Alsace: Tags anti-migrants et croix gammées à Schiltigheim, un acte raciste de plus cette année
FAITS DIVERS•Une résidence sociale de la Fondation Vincent de Paul a été victime de tags racistes ce mercredi à Schiltigheim (Bas-Rhin). De tels actes se multiplient en Alsace cette année...Bruno Poussard
L'essentiel
- Une résidence sociale d’aide au logement et aux réfugiés de la Fondation Vincent de Paul a été victime de tags racistes ce mercredi à Schiltigheim (Bas-Rhin).

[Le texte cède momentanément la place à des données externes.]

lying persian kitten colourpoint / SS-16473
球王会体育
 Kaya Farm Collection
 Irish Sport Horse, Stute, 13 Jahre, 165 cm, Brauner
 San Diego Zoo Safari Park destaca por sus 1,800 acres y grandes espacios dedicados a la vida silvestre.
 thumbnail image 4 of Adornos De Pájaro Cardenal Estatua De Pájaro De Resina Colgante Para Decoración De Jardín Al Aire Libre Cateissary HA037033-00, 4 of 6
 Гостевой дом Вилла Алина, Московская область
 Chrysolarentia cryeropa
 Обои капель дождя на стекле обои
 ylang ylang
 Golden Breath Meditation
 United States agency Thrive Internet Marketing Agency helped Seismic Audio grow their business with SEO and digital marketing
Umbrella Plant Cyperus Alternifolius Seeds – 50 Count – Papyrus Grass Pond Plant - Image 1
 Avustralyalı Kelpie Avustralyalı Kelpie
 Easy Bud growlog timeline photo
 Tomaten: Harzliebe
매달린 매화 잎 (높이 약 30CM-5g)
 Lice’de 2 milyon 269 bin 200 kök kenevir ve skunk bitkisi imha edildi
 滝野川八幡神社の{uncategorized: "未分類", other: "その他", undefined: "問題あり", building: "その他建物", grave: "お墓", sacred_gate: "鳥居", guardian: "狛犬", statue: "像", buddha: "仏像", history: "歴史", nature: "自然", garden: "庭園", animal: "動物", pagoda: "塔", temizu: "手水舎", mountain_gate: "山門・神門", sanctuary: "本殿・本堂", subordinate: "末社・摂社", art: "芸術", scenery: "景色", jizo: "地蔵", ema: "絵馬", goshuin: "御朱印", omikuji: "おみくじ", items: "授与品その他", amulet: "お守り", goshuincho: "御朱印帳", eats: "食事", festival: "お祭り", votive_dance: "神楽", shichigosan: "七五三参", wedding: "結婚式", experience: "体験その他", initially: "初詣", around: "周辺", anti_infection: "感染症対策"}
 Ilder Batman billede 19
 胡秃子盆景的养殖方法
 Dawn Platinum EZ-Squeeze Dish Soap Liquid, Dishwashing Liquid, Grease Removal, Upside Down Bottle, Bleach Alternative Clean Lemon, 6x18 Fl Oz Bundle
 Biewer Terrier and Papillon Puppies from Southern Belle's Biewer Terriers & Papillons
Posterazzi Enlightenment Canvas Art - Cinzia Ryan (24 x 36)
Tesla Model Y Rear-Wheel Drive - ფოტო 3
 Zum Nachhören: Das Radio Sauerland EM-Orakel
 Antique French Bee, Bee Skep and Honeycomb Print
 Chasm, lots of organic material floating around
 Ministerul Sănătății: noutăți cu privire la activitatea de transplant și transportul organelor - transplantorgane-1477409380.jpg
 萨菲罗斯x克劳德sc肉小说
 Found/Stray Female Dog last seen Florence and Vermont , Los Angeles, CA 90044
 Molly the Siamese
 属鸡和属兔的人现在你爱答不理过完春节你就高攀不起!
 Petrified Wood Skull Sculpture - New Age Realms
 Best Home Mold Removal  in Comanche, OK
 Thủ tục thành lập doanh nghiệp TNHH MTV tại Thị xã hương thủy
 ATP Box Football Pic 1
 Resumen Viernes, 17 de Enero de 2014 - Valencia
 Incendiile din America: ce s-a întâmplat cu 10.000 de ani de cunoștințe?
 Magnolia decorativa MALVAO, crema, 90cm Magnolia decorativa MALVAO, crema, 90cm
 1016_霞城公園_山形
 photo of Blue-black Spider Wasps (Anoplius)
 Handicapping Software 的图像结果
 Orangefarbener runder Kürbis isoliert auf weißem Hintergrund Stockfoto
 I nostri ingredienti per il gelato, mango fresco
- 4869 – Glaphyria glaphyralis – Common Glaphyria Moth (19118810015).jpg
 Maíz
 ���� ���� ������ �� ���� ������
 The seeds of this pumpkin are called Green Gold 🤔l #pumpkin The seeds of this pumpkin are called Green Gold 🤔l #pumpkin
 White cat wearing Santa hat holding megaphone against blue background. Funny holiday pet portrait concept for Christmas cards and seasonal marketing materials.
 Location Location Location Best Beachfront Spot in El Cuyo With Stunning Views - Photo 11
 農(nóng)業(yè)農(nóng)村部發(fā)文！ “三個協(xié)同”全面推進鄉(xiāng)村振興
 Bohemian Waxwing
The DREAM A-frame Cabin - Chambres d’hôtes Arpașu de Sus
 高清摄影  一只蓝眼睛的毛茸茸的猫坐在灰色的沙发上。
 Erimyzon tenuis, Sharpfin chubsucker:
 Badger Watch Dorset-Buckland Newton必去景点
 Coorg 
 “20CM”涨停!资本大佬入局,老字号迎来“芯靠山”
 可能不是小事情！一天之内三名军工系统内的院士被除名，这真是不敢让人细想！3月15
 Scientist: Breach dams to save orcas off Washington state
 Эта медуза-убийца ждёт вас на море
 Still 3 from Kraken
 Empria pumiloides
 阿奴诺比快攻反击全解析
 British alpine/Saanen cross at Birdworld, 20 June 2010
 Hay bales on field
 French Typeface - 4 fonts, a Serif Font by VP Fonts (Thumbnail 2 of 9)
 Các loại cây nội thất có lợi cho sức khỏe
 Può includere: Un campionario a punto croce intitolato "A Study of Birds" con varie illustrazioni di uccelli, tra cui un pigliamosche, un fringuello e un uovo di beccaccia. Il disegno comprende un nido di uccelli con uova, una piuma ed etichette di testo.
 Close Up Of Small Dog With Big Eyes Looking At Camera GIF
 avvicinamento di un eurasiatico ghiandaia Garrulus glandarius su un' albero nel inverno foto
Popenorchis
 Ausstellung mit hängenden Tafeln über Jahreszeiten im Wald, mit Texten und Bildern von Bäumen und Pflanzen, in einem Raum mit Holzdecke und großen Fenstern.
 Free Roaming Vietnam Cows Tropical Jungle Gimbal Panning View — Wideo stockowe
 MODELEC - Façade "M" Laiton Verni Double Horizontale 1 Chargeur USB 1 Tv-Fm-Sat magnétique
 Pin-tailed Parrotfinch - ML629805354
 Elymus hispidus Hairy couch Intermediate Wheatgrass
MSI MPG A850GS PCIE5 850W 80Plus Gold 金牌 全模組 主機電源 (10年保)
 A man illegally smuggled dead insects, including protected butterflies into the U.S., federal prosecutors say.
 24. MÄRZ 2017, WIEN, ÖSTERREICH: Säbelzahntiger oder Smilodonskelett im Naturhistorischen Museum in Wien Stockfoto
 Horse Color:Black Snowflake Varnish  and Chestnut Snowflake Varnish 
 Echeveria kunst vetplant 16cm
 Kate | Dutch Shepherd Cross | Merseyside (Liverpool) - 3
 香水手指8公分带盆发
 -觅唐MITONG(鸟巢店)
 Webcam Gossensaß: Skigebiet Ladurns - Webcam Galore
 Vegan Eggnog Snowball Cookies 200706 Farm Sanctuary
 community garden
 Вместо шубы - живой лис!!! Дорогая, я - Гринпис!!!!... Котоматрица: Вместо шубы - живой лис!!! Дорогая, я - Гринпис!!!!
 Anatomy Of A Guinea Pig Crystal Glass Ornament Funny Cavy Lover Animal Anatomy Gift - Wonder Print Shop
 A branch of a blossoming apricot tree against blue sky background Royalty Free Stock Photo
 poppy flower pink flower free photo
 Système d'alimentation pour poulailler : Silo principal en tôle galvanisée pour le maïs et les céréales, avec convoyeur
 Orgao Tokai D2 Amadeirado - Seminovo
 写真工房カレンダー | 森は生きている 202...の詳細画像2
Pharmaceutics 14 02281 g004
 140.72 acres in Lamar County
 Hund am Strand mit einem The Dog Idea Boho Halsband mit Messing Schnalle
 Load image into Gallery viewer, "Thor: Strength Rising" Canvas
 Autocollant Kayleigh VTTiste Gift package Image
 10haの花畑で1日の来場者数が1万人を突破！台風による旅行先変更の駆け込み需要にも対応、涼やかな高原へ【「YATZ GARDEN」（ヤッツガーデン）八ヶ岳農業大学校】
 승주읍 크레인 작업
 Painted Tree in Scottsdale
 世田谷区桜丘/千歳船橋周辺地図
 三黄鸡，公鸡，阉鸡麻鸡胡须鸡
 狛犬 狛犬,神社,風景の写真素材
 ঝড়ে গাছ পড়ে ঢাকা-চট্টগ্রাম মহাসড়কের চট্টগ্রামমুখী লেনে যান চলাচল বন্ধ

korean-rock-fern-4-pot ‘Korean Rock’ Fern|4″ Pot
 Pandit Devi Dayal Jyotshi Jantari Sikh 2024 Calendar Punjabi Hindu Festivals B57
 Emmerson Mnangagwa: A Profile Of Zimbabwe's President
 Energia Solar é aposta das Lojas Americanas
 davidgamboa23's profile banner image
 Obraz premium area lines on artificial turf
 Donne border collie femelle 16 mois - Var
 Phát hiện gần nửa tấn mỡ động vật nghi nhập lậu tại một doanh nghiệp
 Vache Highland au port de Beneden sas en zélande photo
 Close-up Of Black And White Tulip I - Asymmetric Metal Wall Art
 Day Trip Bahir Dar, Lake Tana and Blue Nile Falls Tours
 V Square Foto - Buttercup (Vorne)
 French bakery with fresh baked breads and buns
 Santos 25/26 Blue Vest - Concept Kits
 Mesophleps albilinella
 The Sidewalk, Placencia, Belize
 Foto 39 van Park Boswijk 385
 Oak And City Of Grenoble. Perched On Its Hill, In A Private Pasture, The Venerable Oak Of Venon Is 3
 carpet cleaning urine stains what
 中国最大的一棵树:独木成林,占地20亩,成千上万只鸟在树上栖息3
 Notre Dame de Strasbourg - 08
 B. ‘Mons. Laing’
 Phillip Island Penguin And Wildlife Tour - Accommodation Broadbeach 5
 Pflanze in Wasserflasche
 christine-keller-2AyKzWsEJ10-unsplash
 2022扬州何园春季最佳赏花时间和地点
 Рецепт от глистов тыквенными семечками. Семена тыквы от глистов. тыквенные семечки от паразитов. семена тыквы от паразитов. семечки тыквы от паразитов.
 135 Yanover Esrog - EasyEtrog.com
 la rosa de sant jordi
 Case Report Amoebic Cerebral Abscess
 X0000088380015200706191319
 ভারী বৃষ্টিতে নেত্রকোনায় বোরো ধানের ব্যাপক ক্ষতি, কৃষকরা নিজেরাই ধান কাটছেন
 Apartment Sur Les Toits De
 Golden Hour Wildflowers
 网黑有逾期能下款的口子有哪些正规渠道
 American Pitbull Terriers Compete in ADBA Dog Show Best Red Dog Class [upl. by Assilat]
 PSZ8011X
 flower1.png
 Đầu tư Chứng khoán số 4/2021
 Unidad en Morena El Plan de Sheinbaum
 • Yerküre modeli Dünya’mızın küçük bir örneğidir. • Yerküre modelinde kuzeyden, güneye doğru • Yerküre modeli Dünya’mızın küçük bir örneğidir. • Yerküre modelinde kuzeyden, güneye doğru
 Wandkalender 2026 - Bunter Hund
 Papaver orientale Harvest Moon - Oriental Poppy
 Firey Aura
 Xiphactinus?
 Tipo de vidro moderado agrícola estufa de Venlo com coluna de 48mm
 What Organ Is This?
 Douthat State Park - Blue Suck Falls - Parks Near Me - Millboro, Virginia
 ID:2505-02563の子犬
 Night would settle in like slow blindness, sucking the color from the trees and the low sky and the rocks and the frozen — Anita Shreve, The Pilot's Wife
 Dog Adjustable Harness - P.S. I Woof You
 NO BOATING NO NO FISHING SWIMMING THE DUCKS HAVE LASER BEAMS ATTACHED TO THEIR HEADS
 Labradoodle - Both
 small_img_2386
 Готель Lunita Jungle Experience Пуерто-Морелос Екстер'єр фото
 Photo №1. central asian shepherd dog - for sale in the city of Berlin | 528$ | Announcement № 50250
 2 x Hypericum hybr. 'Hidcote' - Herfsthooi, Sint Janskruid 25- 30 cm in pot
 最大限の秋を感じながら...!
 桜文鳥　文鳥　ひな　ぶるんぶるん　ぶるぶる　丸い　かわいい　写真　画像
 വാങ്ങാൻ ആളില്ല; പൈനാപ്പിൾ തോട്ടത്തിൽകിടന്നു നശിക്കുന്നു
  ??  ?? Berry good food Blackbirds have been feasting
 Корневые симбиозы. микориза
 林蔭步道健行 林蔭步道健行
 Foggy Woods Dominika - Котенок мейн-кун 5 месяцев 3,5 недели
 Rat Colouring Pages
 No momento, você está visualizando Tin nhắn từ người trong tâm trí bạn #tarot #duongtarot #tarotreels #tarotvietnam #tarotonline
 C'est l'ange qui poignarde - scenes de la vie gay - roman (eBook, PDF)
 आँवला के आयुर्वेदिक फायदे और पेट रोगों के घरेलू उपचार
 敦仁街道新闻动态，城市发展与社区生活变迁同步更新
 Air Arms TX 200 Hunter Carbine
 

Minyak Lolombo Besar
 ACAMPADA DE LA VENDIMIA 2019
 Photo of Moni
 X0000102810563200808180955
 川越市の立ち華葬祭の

- Ces croix gammées et une inscription vite enlevées sur ses murs interviennent après d’autres tags anti-migrants similaires en Alsace cette année.
- Que signifie la recrudescence actuelle de ces tags dans la partie nord de l’Alsace ?
Des croix gammées et une phrase : « Dehors les migrants, des morts ? » Ces tags en noir ont été découverts par des employés de la Fondation Vincent de Paul ce mercredi matin. Dans la rue de la brasserie Heineken à Schiltigheim (Bas-Rhin) 24 heures plus tard, la résidence sociale Saint Charles n’en garde plus aucune trace. Le nettoyage s’est fini tôt.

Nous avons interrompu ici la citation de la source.